19 juillet 2022 à 15h Atelier Photographique en présence de l’artiste
19 juillet 2022 à 19h Présentation de l’exposition en présence de la photographe Carlo Rebelo
RSVP : zaka@sist.co
Hardboiled Wonderland : La Station Culturelle, en partenariat avec l’association Zist, présente l’exposition Hardboiled Wonderland de la photographe santoméenne Carla Rebelo visible du 15 juillet au 10 août 2022 à la Médiathèque Alfred Melon-Dégras au Saint-Esprit (durant les horaires d’ouvertures de la médiathèque).
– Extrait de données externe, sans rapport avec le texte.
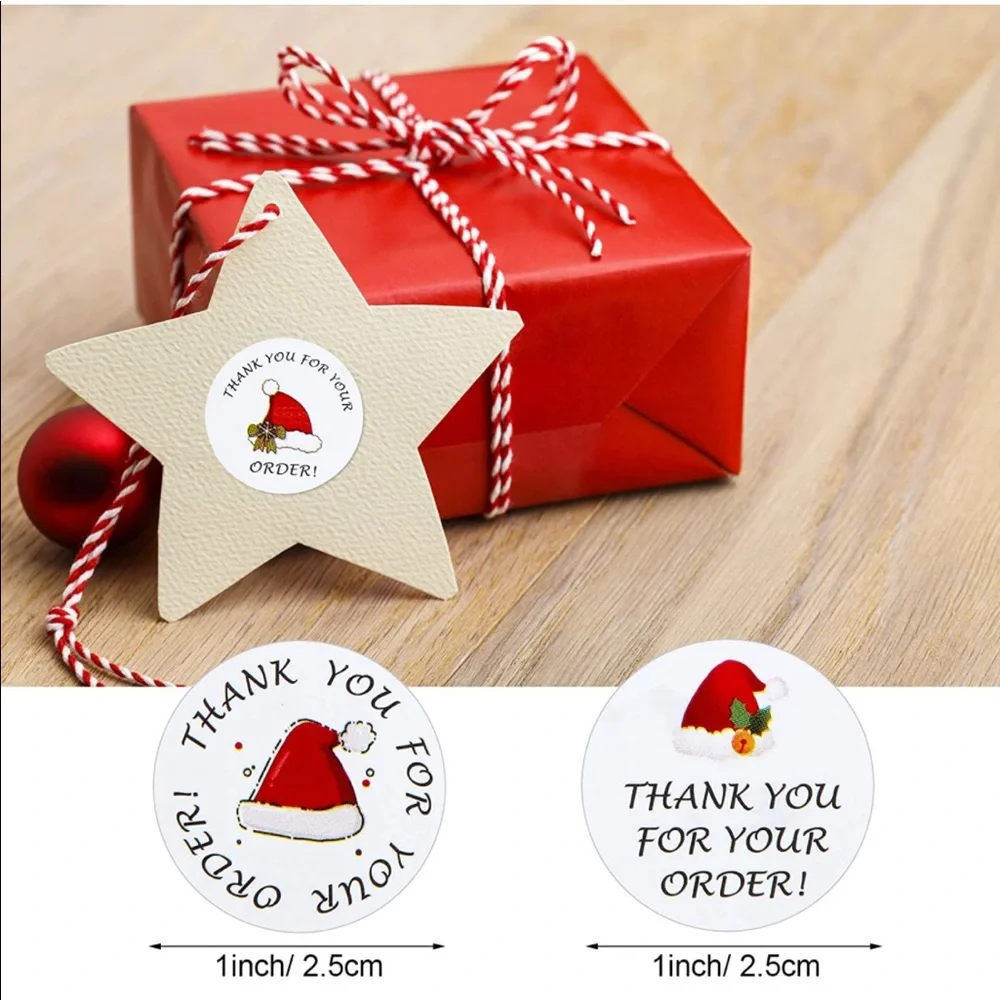 🎅🏽 100 Thank You - Merry Christmas Package Stickers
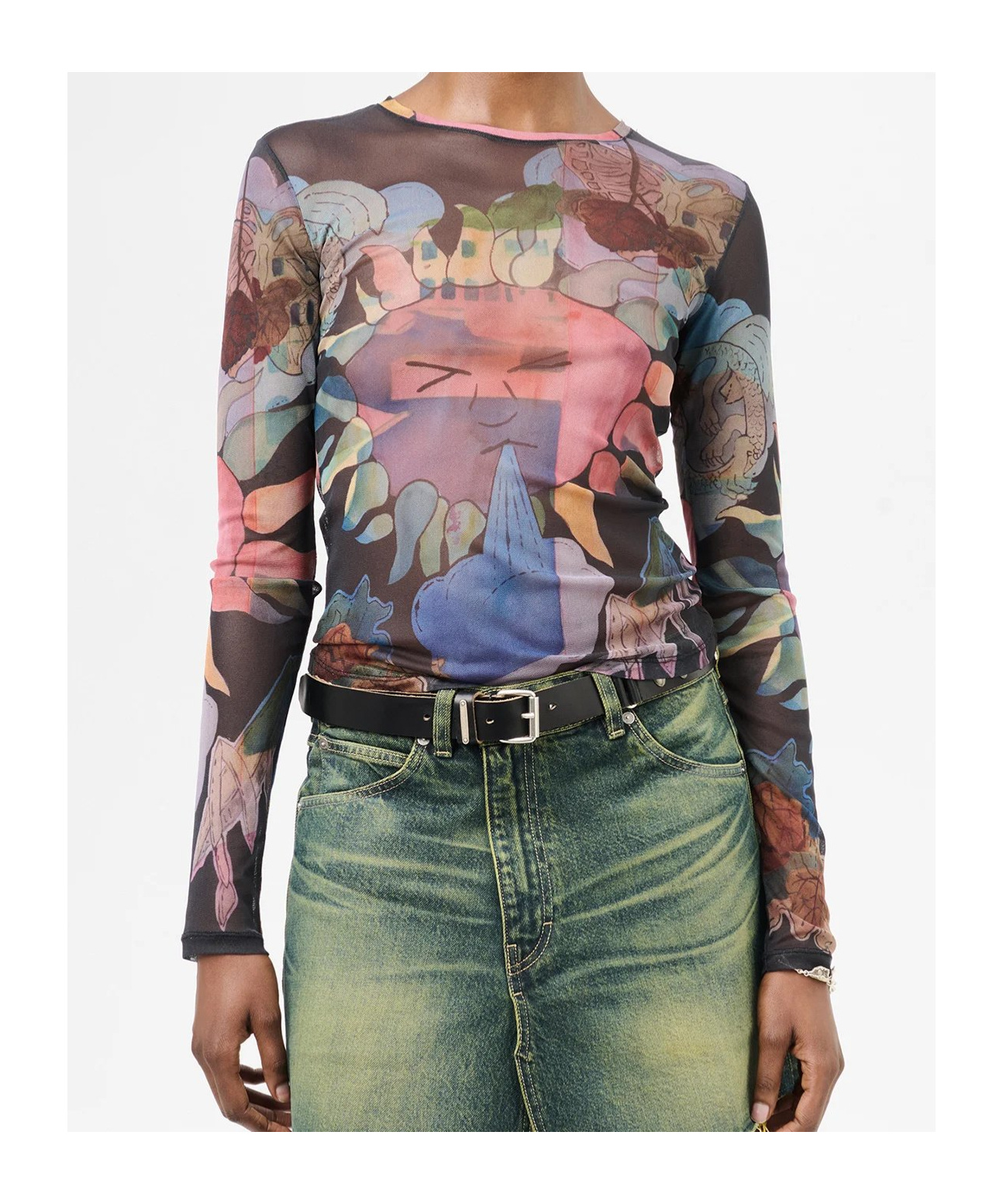 Our Legacy Open-necked Black Shirt In Multicolor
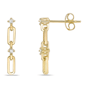 Brilliant Grown Gold-Plated Lab-Grown Diamond Link Drop Earrings - image 4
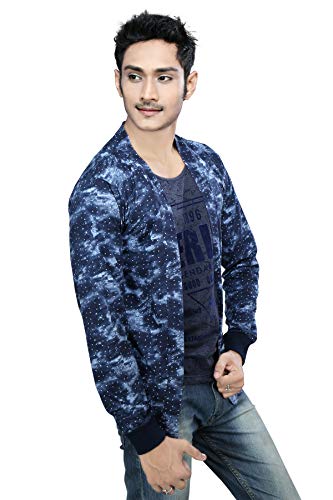 Image of Boy's Cotton White Printed T-Shirt with Blue Jacket Shrug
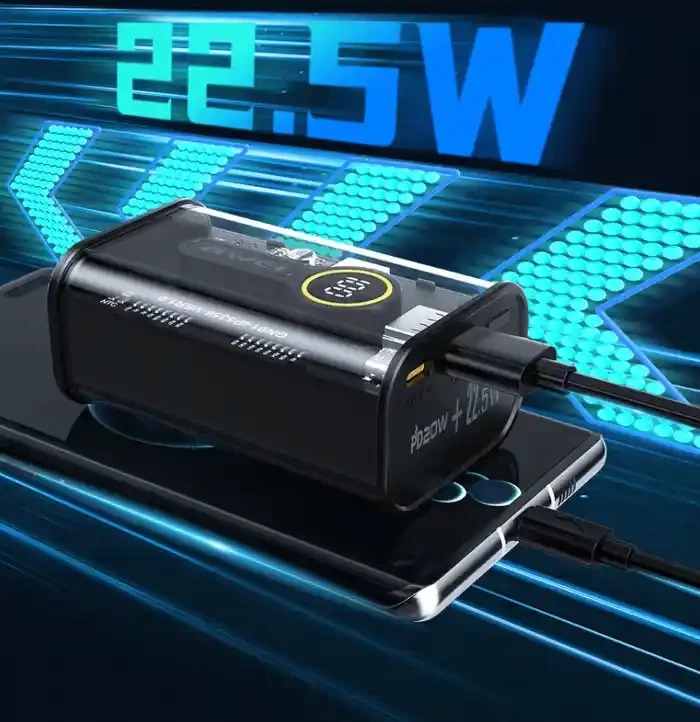 Awei P165K 10000mAh 22.5w Transparent Fast Charging Power bank - Image 4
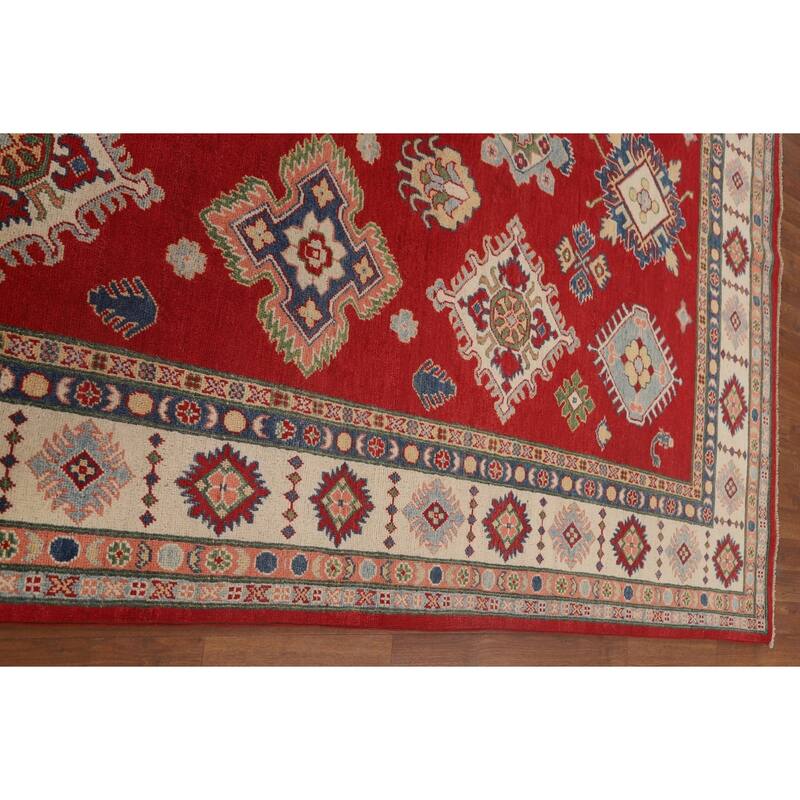Red Geometric Kazak Living Room Area Rug Handmade Wool Carpet - 6'7" x 9'11"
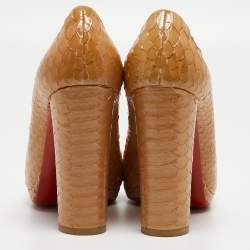 Christian Louboutin Light Brown Patent Python Grapi Pumps Size 38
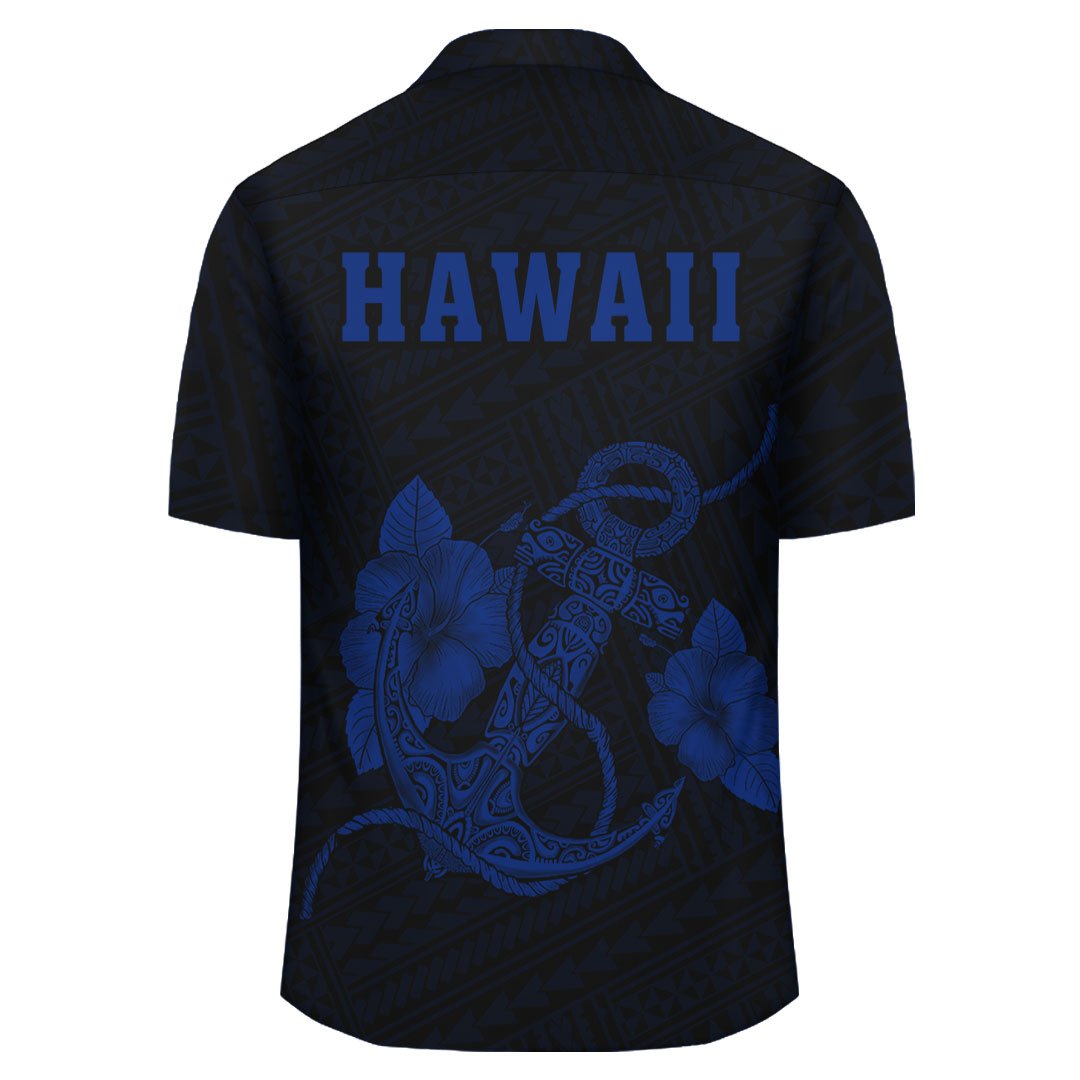 Kakau Polynesian Anchor Hawaii Shirt - Blue - Polynesian Pride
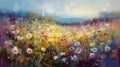 Abstract art oil painting of field flowers. Impressionist style.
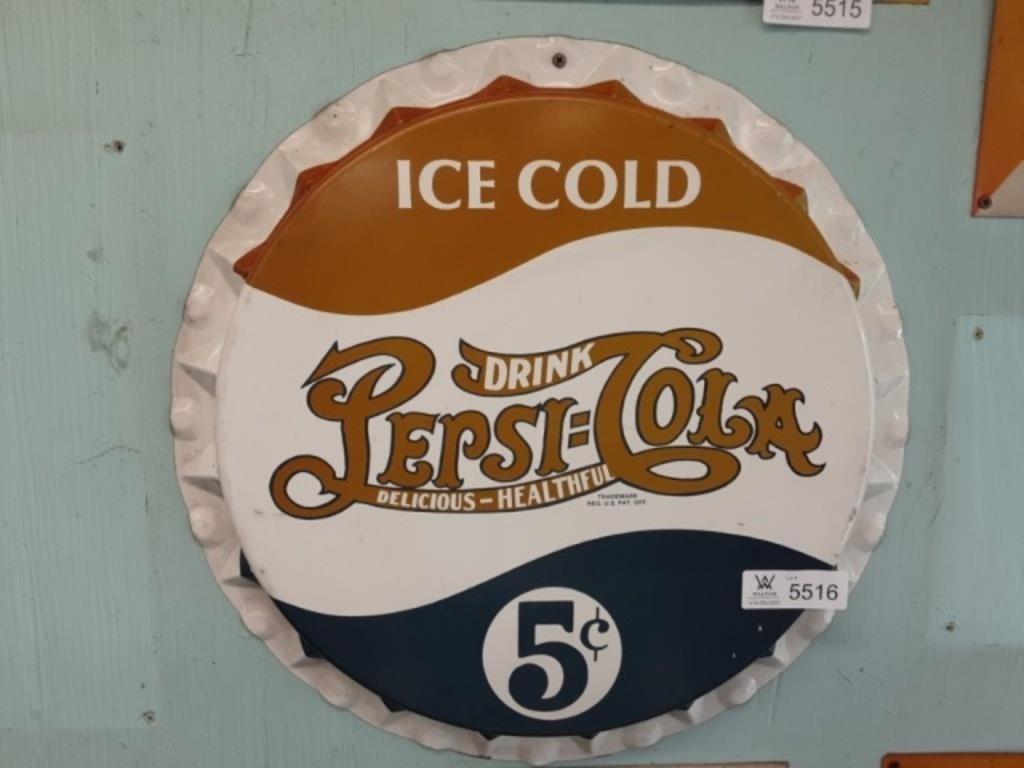 Pepsi-Cola Sign 19" Round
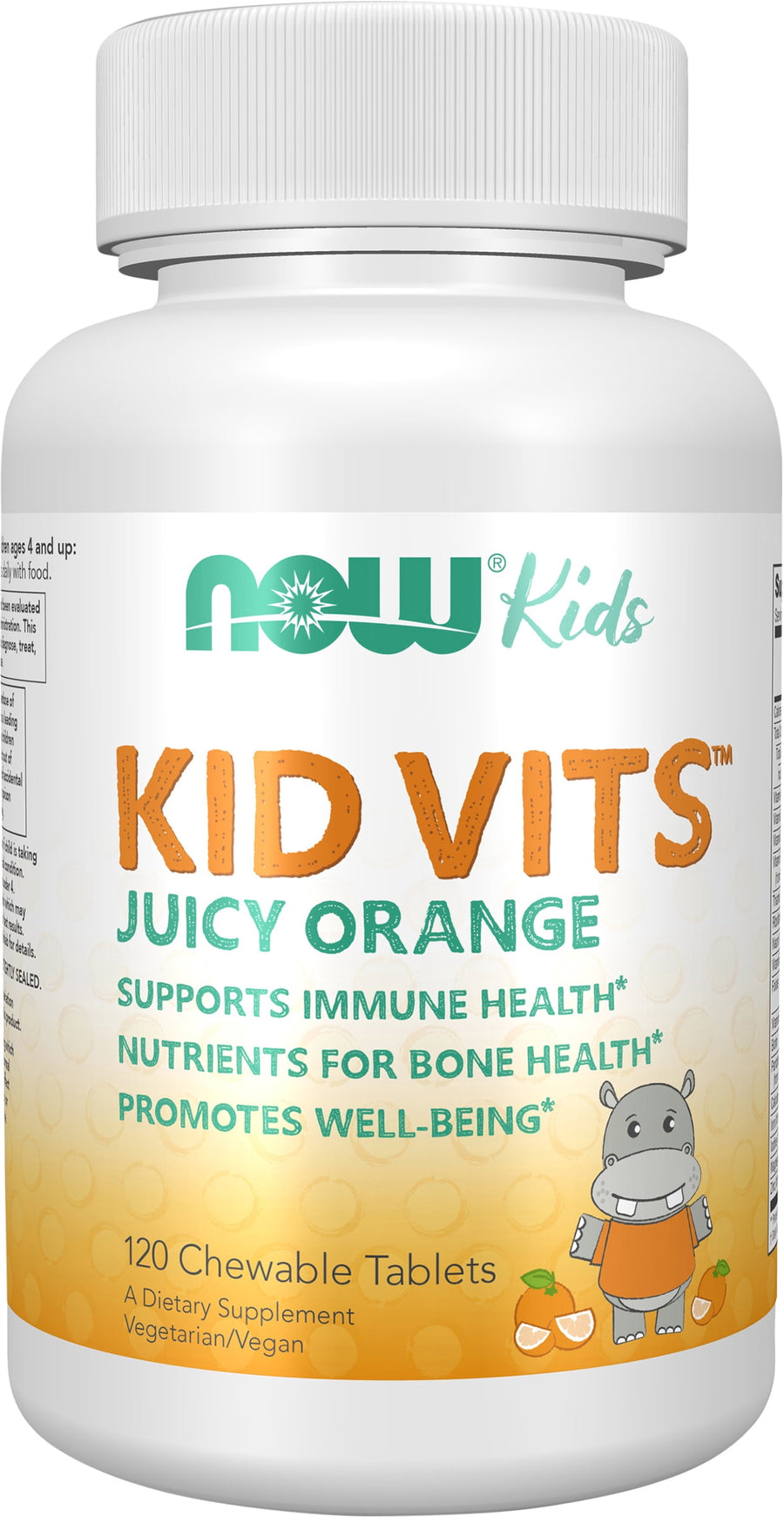 NOW Kids Supplements, Kid Vits Multivitamin, Juicy Orange, 120 Chewable Tablets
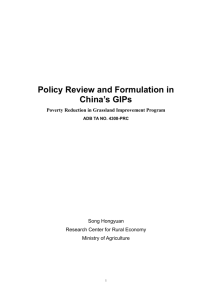 Policy Review and Formulation in China`s GIPs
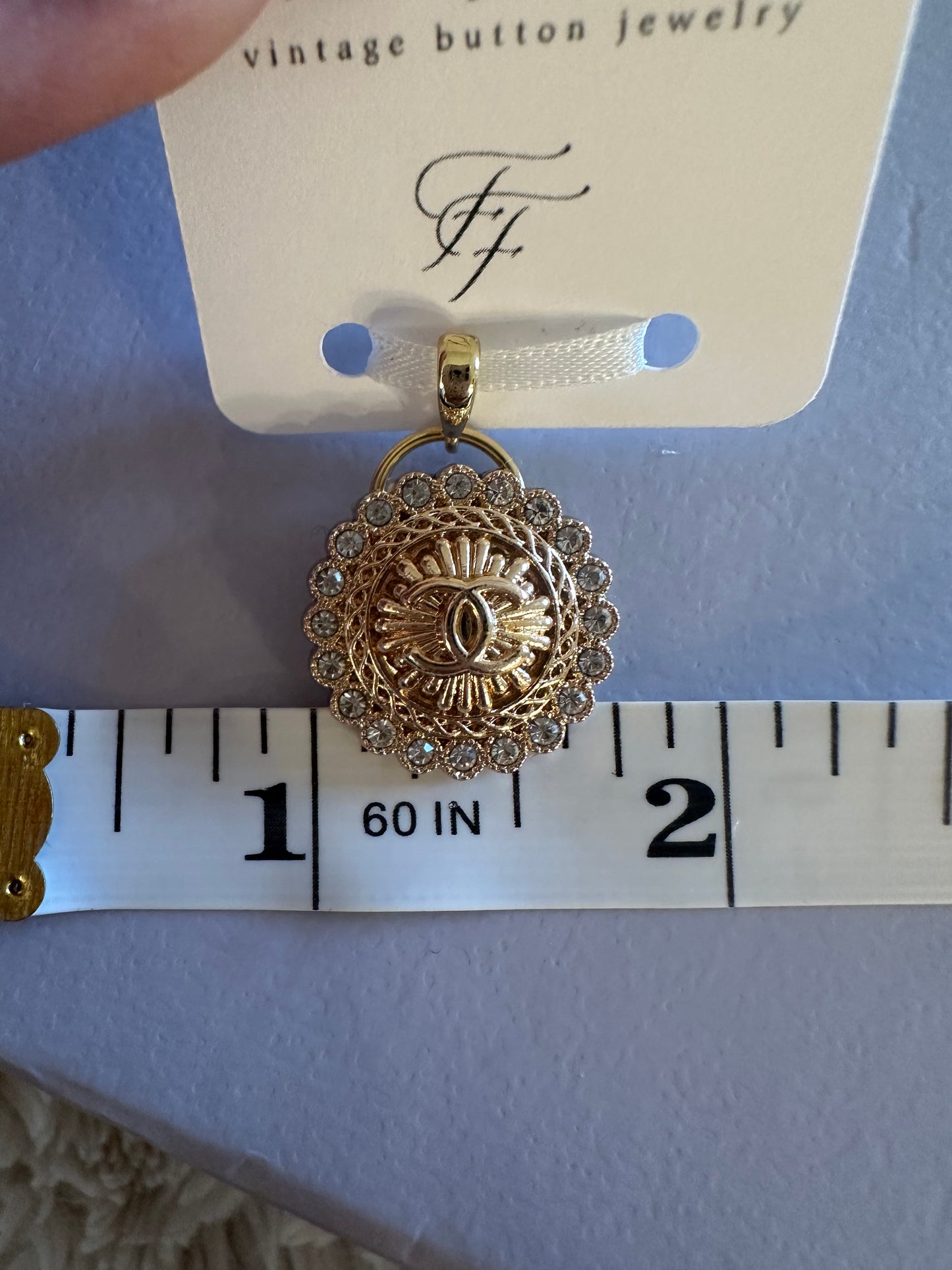 Chanel Gold Rhinestone Button Pendant - V.1 jump ring bail (with or without chain)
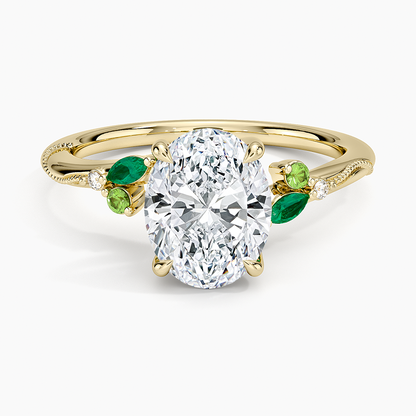 Camellia Milgrain Green Gemstone and Diamond Ring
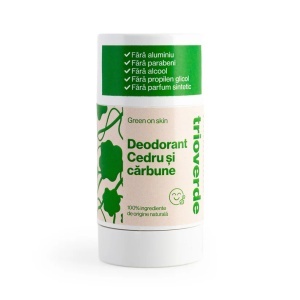 Deodorant cu cedru și cărbune Trio verde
Prises à Sao Tome en 2017, et ce, de façon improvisée pendant un évènement consacré à la mode et à la danse, Hardboiled Wonderland se défini comme un espace performatif où la libre expression entre la photographe et les participants mène à des échanges sur l’identité, les éventualités futures et les nouvelles issues. Ce travail découle des sentiments d’incertitude de Carla Rebelo concernant l’avenir. Il s’efforce de revendiquer le droit de réinventer et de s’écarter des récits traditionnels, à travers l’art, en  particulier lorsque les paysages environnementaux, économiques et politiques semblent précaires.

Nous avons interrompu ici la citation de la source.